I was delighted to hear the noble Baroness, Lady Gardner, support the amendment, because I have not called for a greater majority of lay representatives, but I believe that there should be a majority of lay representatives. And the noble Lord, Lord Renton, raises an important point in relation to definitions of "lay"; it sometimes seems to be an extremely flexible term. I am conscious from my background in community health councils that those councils, which I had always understood were lay organisations, sometimes had quite prominent members. To take but two examples, there was a retired consultant geriatrician and a practising dentist on one council, neither of whom seemed to me to be that "lay" a person.

Given that there is widespread concern about the system of professional self-regulation and that the new commission will play an important part in reassuring the public about health service standards and quality, it is important that the intelligent lay person is clearly represented on that body.
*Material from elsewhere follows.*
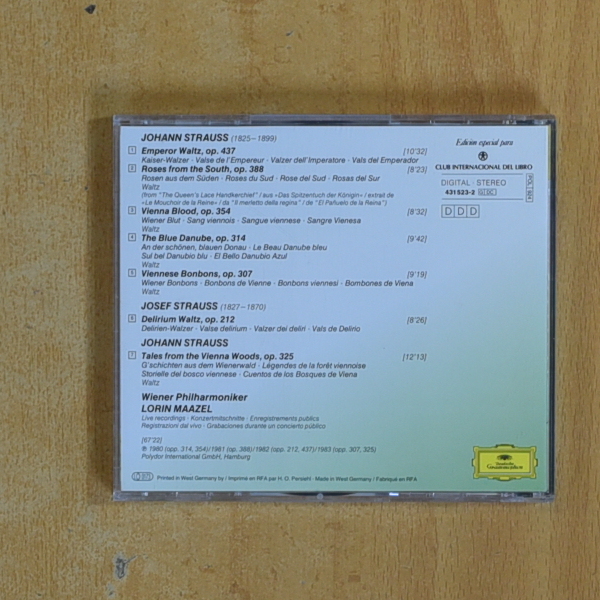 STRAUSS - WALZER - CD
I noted that in the Government's White Paper--A First Class Service--there was a reference to,

    "The Commission will need to provide a balance of expertise and experience and this will be reflected in its membership which will be drawn from patients, the professions, the NHS and academia".
I hope that a significant part of that--a majority but not a great majority--will consist of lay people who are not themselves practising or retired clinicians, but people who are able to bring a perspective of ordinary common sense of what it feels like to use the services in question. That seems to me to be the core definition.

Lord Rea: If the actual composition of the commission is not to be on the face of the Bill, can my noble friend give an indication of the underlying principles on which the members of the commission are to be selected? In particular, will it be part of those principles that the commission will have expert public health advice, particularly people who understand health statistics and epidemiology on which the whole measurement of health is based?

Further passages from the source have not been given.